Published: 21st July 2016

How are these trains linked?

The brand new Thameslink trains have just been introduced into public service and will gradually be operating more and more trains over the next few months and years. The Siemens built Class 700 trains are designed to accommodate up to 1750 passengers and will, and once the Thameslink upgrade is complete in 2018, transform cross London travel.

The train was initially introduced in late June to help carry more passengers while the Southern rail strikes were underway running between Brighton and London. The train has now been introduced on services between Brighton and other locations south of London and Bedford through central London.

To accommodate more and more passengers, the trains have wider doors and aisles to speed up passengers joining and alighting and it is possible to walk through the whole length of the train allowing Thameslink said, a greater sense of on-board security. Seating is two-by-two across the carriage rather than the cramped three by two in many trains.

Airport links

Passengers’ needs have been designed into the train with the provision of more luggage space which is vital as these trains will link Gatwick and Luton airports with London and air-conditioning will react to the number of passengers travelling to help create a better journey.

The frequency of trains and the variety of stations served could cause confusion to passengers so each carriage has electronic signs showing which carriages have more space to sit or stand and also show real time service information.

Toilets are fully accessible for disabled passengers, those with pushchairs or needing baby changing facilities and provision for full-sized bikes has been made outside the peak hours but includes storage facilities for folding bikes on peak services.

When the 115 strong fleet is fully introduced, they will operate between Peterborough and Cambridge to the south coast in addition to existing destinations.

They said: Siemens Thameslink Programme Director Dave Hooper said:

“This success represents a step change in cross-London commuter train experience with the latest state-of-the-art train design and on board systems equipment. This has been achieved by many people across our European in-house team and supply chain in design, testing, train manufacturing and depot construction.

The service team at Three Bridges depot is very proud to take over the leadership of these new trains from the development phase into passenger service operation and we look forward to entering more new trains into service over the coming months.”

Andy Pitt, Executive Chairman of Cross-London Trains, said:

“I am delighted that the new Class 700 trains are entering into passenger service. It’s great to see that passengers are starting to benefit from the massive investment in this brand new train fleet which will deliver much needed additional capacity to the rail network.”

New Hitachi train makes first electric-powered run on the Great Western main line

The troubled Great Western main line electrification project reached a new stage when a Class 800 Hitachi train ran under energised overhead wires for the first time.

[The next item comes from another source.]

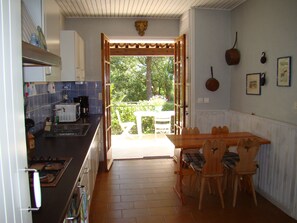 A kitchen with a dining area, a view to the outside, and a ceiling with a decorative element. - Villa Sainte Maxime, la Nartelle, 400 meters from the beach, sea view (Sainte-Maxime)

The wires were energised between Reading and Didcot which has become the test zone and the train ran at up to 125mph without incident.

The Intercity Express Train operated between Reading and Didcot on the mornings of Saturday 16 July and Sunday 17 July in a series of exercises designed to test the overhead electric power system and two test runs reached 125mph. The tests were overseen by Network Rail, the train provided by Agility Trains and Hitachi Rail Europe.

They said:

Mark Langman, route managing director for Network Rail Western

This is a great step forward, and I’d like to pay tribute to the team who have worked very hard to make this happen. This is the future of rail being built before our eyes and it’s a very exciting time to be involved in this project. This weekend we’ve come a big step closer to providing faster, quieter, and more efficient services to the people of the region who depend on railways. Testing will continue as construction proceeds with public services scheduled to begin from 2019.

First service ever between Milton Keynes and Bedford

The Bedford to Bletchley 16 mile branch line is a rural slow service taking around 40 minutes calling at many stations on the route. It is usually closed on Sundays but this year, London Midland ran trains on the line in conjunction with the Bedford River Festival and Firework show. Not only did they operate trains on Sunday 17 July but they were extended to Milton Keynes which brought the first direct services between the two major towns.

To mark the occasion, Iain Stewart MP and Chairman of the East West Rail all-party group flagged the first train away at 1337hrs using a Class 150 two carriage diesel unit. Trains, which were well loaded, ran between the two locations for the rest of the day in a preview of what will happen on a regular basis when the line is upgraded in four years.

And how are all these trains connected?

Trains will run between Bedford, Milton Keynes, Didcot and Reading in the next three or four years making rail travel easier. This will be made possible by the re-opening of the Bletchley to Bicester line to passengers, after a 50-year break.